Each path has its own rolling stone
If you roll a tube of glue on an inclined surface, its path traces a straight line. The ice cream cone follows the curve of a semicircle. Other shapes have a more surprising trajectory, such as a spherical shape that adopts a sinusoidal oscillation. But, instead of starting with the object to determine its path, is it possible to design an object that will follow a predetermined path? That’s what Yaroslav Sobolev and his colleagues at the Institute of Basic Sciences in Ulsan, South Korea, did: they showed that on almost every imaginable path, there is an object rolling along that path. They even developed an algorithm to design these objects, called trajectories.
The idea came to Yaroslav Sobolev by manually shaping a ball of clay. By making the ball follow the path he wanted it to take and gently pressing it to flatten its surface, the researcher obtained an object that followed the path well when it rolled.
The algorithm proposed by the researchers is based on this measurement. But instead of sculpting the initial ball by rolling it, it is cut. For example, if the track consists of a straight line, then the ball in this part should behave like a cylinder and be cut accordingly. “Once you have all this shavings done, you have a complex but well-defined structure as a mathematical object. The remaining challenge is to print it in 3D,” notes Jean-Pierre Ekman, a researcher in mathematics and theoretical physics at the University of Geneva, who participated in the study. In 3D, you have to go through the triangulation step (cutting the surface into small triangles).

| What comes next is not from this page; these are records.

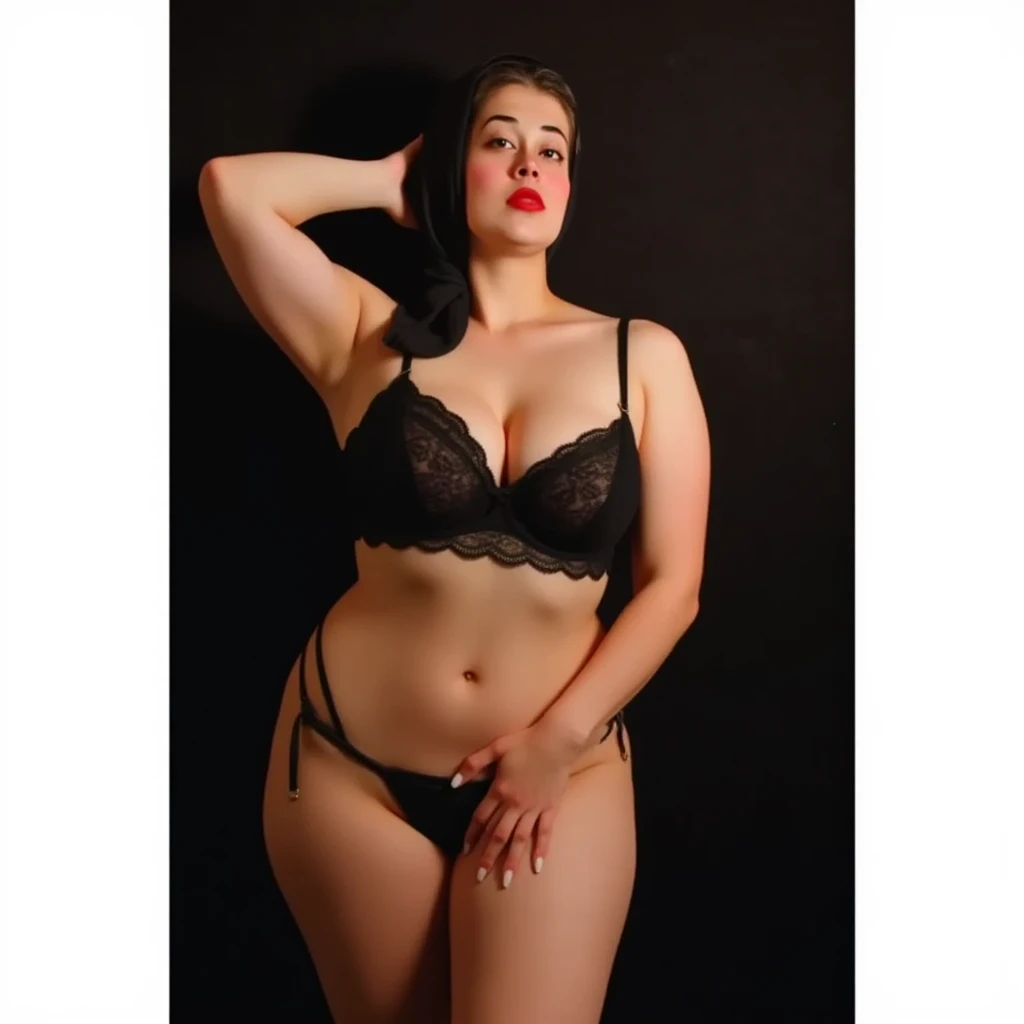 An overweight woman, big cellulite ass, in a black bra and panties posing for a photo in a bra and panties with her hands on her hips, Super flat, Kristen Koebke, Spare photo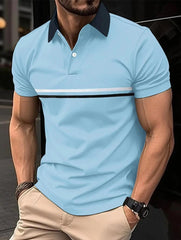 Best - selling men's casual Polo shirt spring and summer lapel button splicing men slim golf street wear - SHOWLU FASHION STORE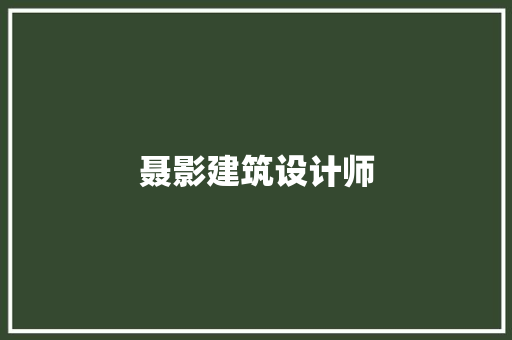 聂影建筑设计师
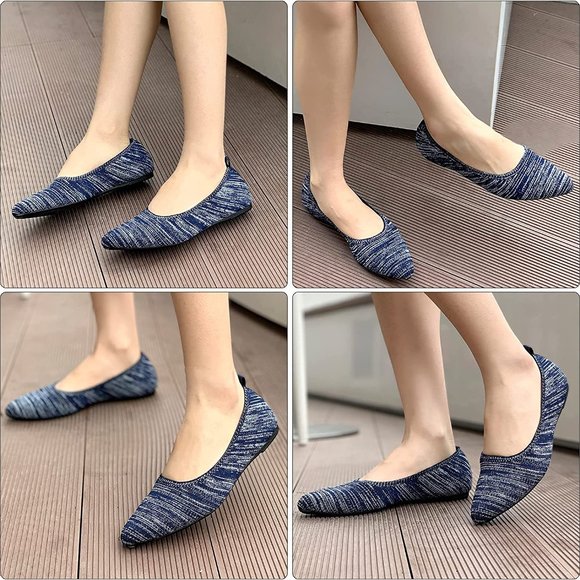 Blue & White Marled Pointed Toe Knit Texture Ballet Flats  NEW!! - Picture 11 of 11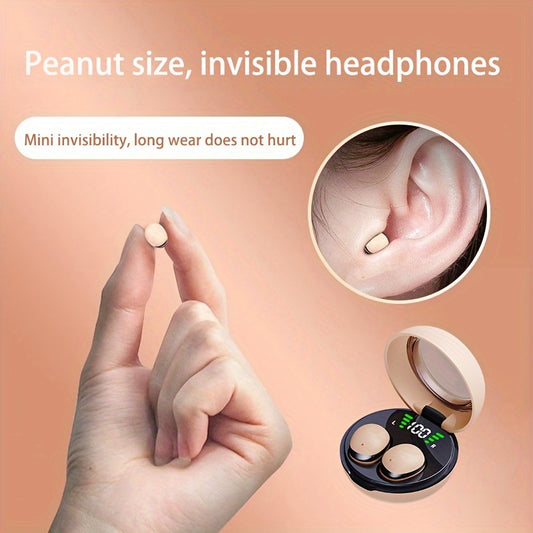 New Mini Invisible Wireless Headphones with Long Standby Time and Microphone, Suitable for Men and Women.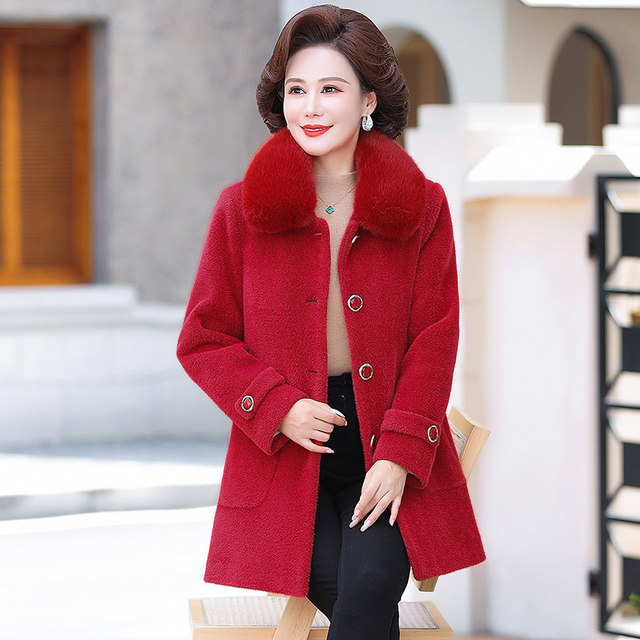 Mom Winter Winter Mink Velveted Set Women's Middle Middle -aged Middle -Elderly Middle -aged and Elderly Plus Deep Wool Woolen Coat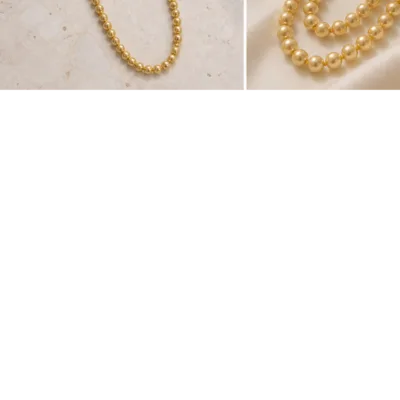 Full-length gold 10 mm pearl necklace 5767-R002-3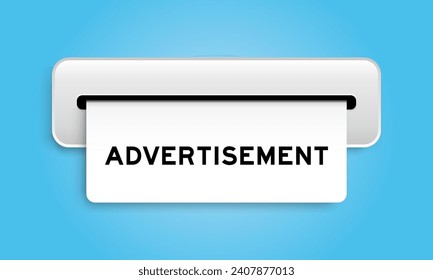 White coupon banner with word advertisement from machine on blue color background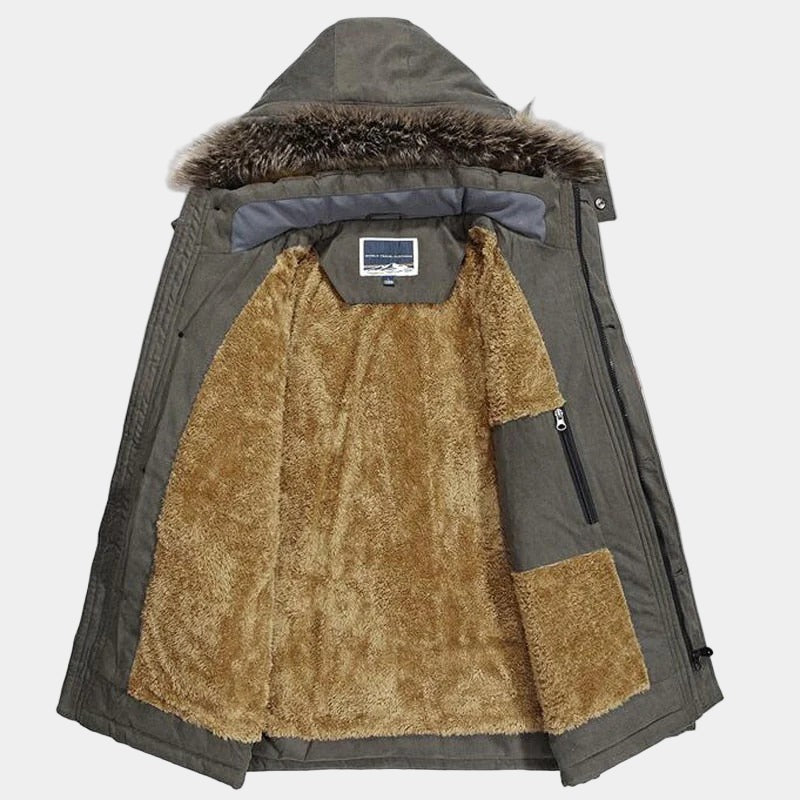 Florencio | Parka de Invierno de Hombre con Capucha de Pelo Sintético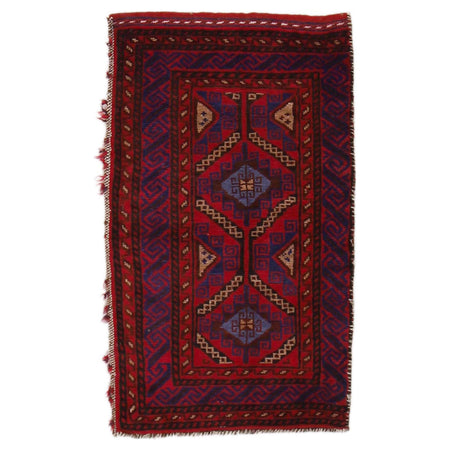 Balisht Area Rug Handmade Red Geometric 2x3 ft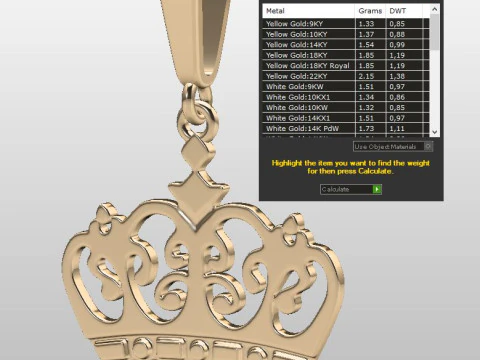 Jewelry pendant The Crown - Printable STL 3D Print Model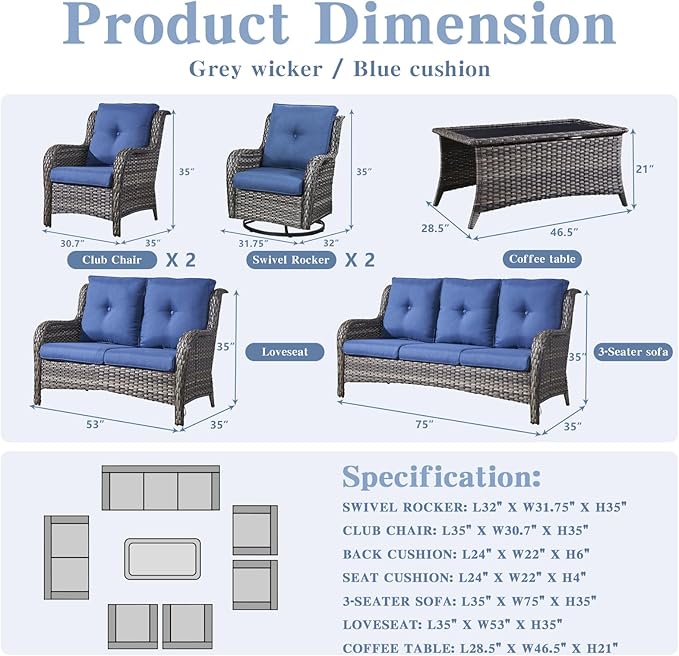 Belord Outdoor Furniture Wicker Conversation Sets - 7 Piece Patio Rattan Furniture Sets with Swivel Rocker Chairs Outdoor Sofa for Porch Deck Backyard Mixed Grey/Blue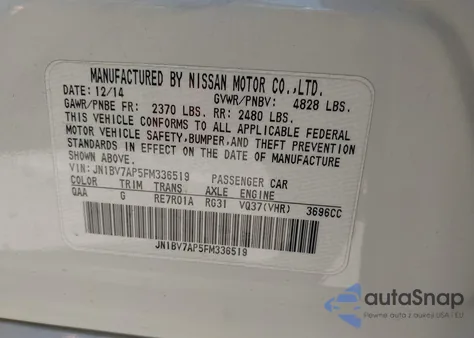 2015 Infiniti Q50 Premium из США, поврежденный, VIN JN1BV7AP5FM336519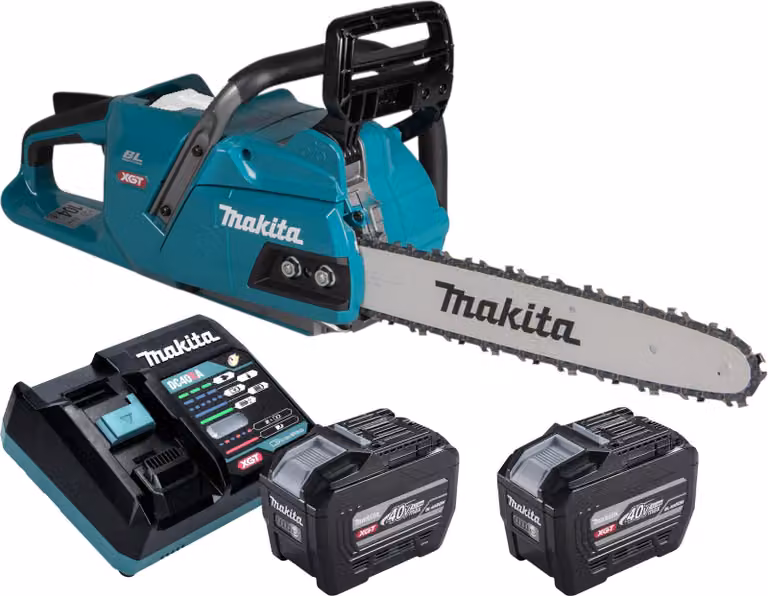 Makita UC 011 GE201 Sega a catena a batteria 40 V max. 35 cm Brushless + 2x batteria 8,0 Ah + caricabatteria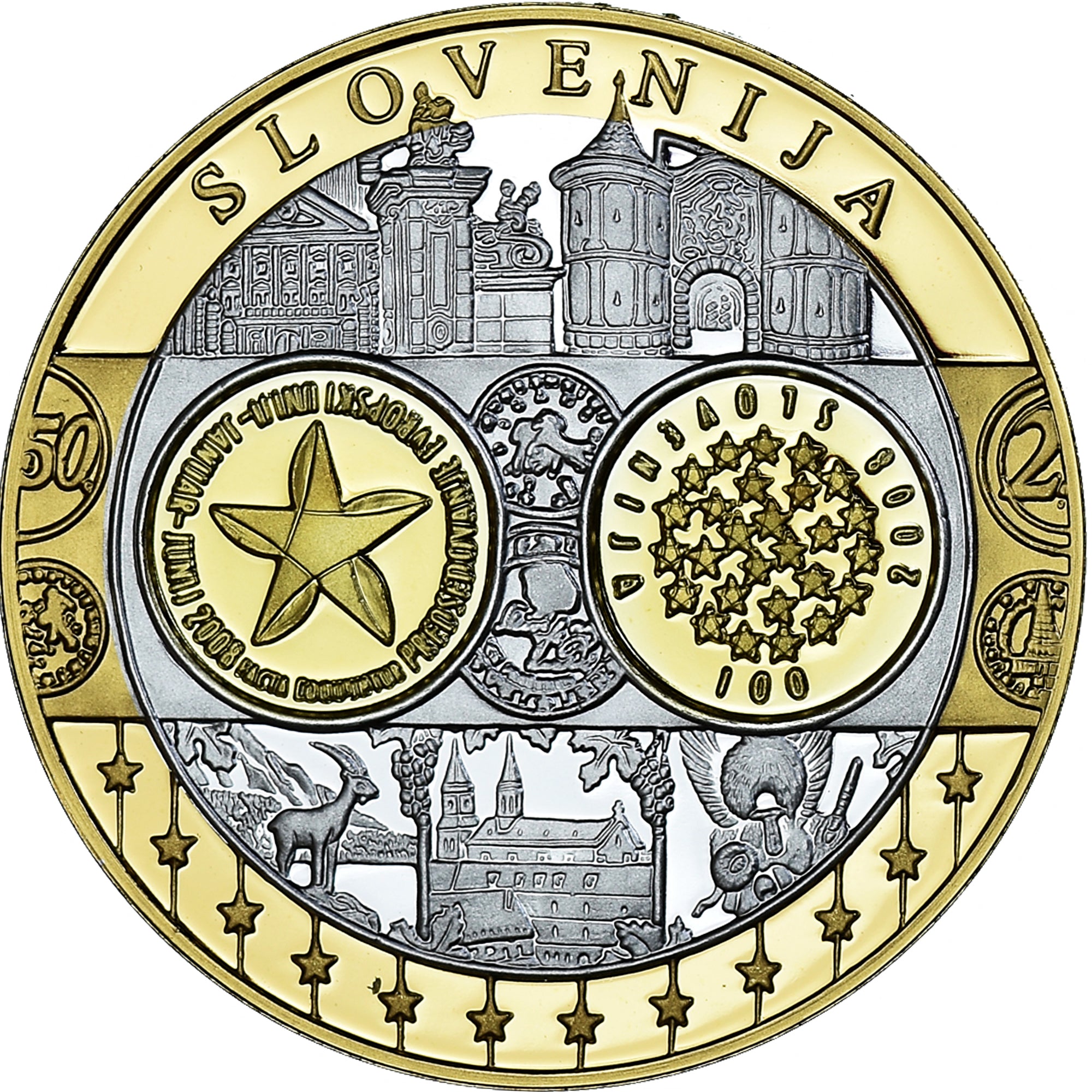 Slovenia, medaglia, Euro, Europa, Politics, FDC, FDC, Argento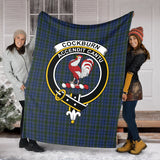 Clan Cockburn Blue Crest Tartan Blanket UC158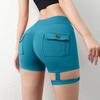Summer Peach Butt Fitness Exercise Three-Quarter Pants Cargo Air Dry Pocket Yoga Tight Lift The Hips Women's Shorts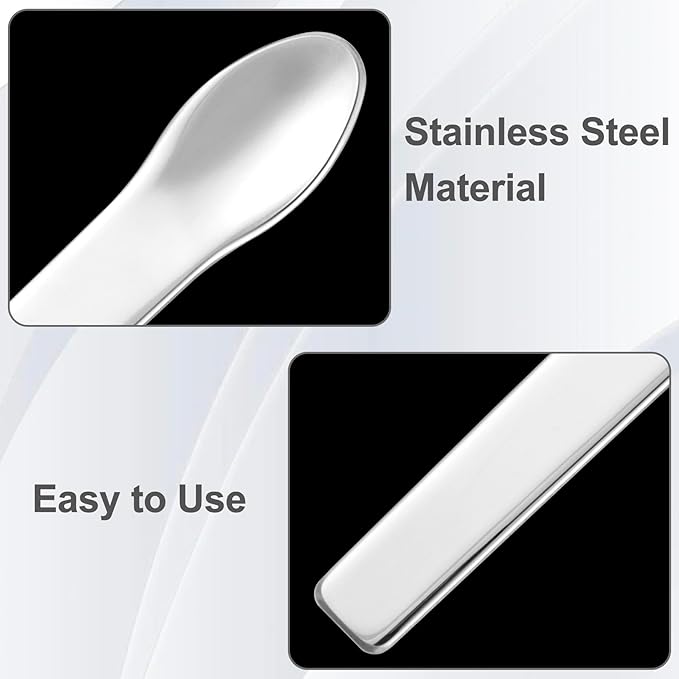 Pndeyo 3pcs Mini Metal Makeup Spatula, Reusable Cosmetic Cream Spatulas Spoon, Skincare Scoop Applicator Facial Massage Beauty Tools for Mixing and Sampling Face Eye Cream- Silver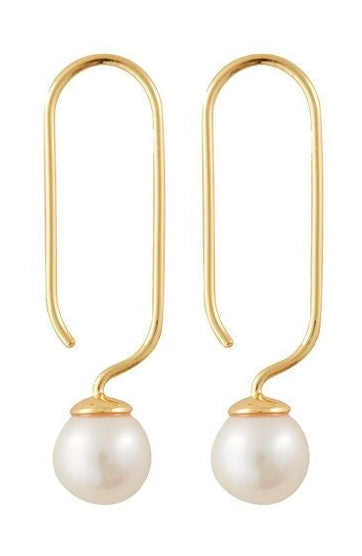 Design Letters Pearl Drop Earring 2 st. 18k guldpläterad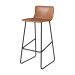 Conjunto 3 Banquetas Dubai Couro Caramelo Metal Preto
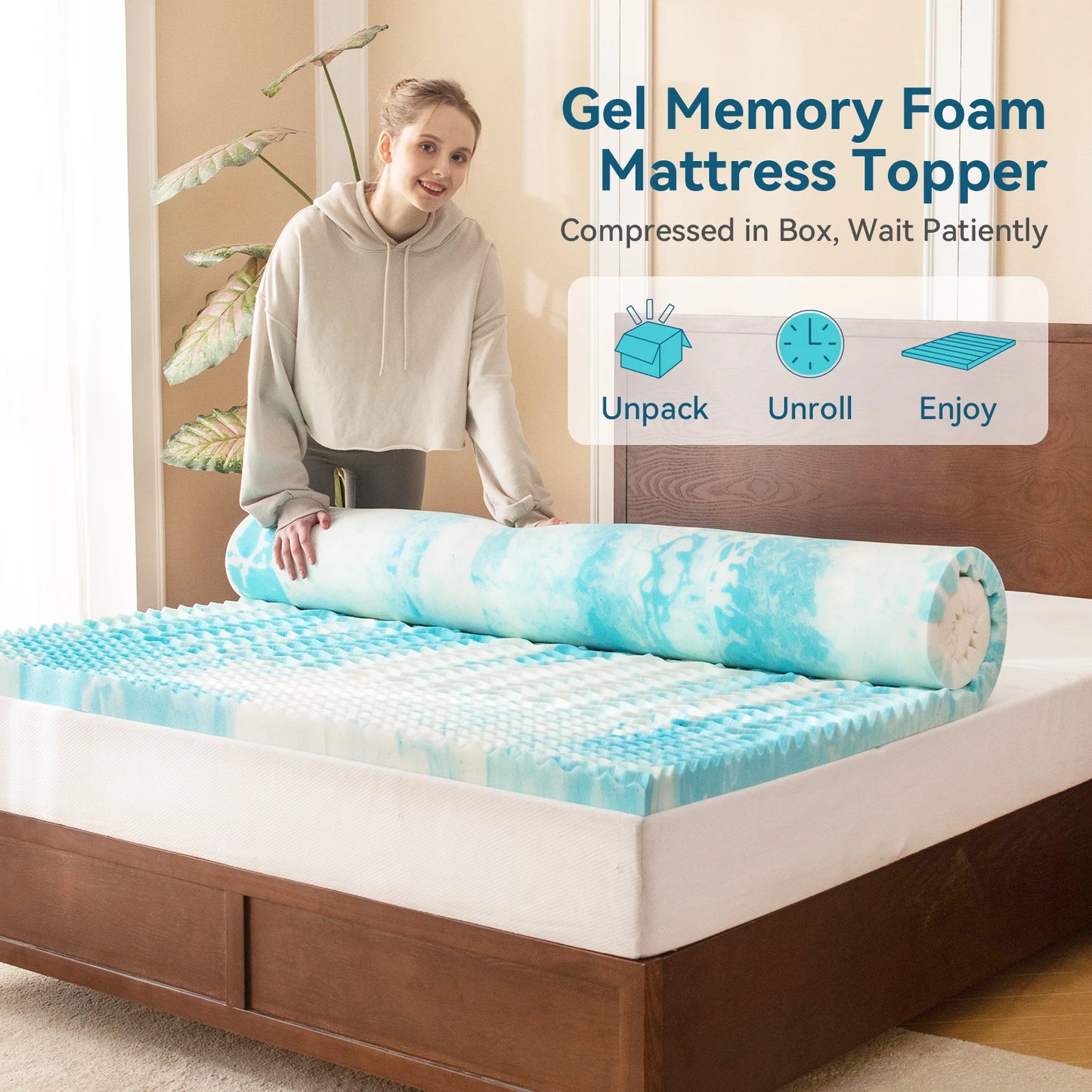 Hcore Mattress Topper - 5-Zone Memory Foam Mattress Topper - Cooling Gel Mattress Topper - Topper for Pressure Relieve, Blue
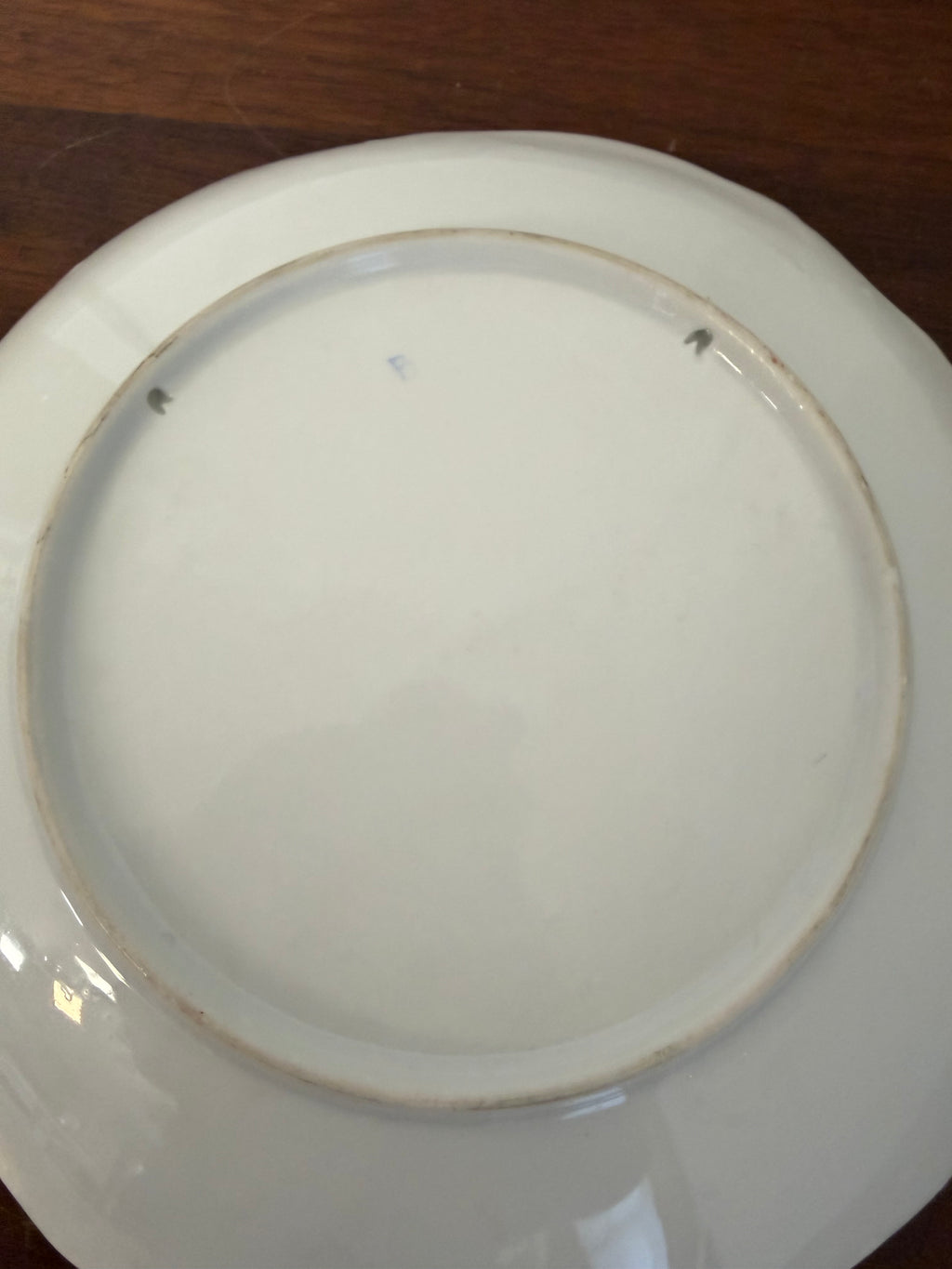 Vintage Porcelain Hand Painted Pink Rose Plate - has hanging holes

Here, the ball is made of plastic with a steel core. By using a very dense material in the centre, the researchers ensure that the center of mass does not shift much, regardless of what is removed from the surface. This ensures that the body rolls without stopping on a slightly inclined plane.
“So for almost any curve – even those with loops, with a part going downhill, or with corners, that is, sudden changes in direction – a path can be drawn,” the researcher announced. Only in some rare cases, such as fractal (infinitely cut) graphics, does the algorithm not work.
There is only one condition to make sure it works: you must draw the same path twice before giving it to the algorithm. If you trace the path only once, there is a risk that the start point and end point of the path on the path do not match. “But what we want is for our body to be able to roll indefinitely following this path and repeating it!”, explains Jean-Pierre Ekman. If the two points are not in the same place on the body, it may stop or follow another path, once the path is crossed. “But Experimentally, we have discovered that in most cases, it is enough to draw the same path twice for the path to reorient itself correctly after rolling,” the researcher explains. Why are two lines generally enough? And that’s what interests the researchers now. “It’s an open mathematical problem, and it’s interesting Extremely!”,” he admitted.
In the meantime, the researchers have made their code available (on the website https://github.com/yaroslavsobolev/trajectoids) so that you too can chart the course of your invention. To do this, you just need to get the coordinates of the path you want. So, get to your 3D printers!
Download the PDF version of this article
(Intended for digital subscribers)
“Organizer. Social media geek. General communicator. Bacon scholar. Proud pop culture trailblazer.”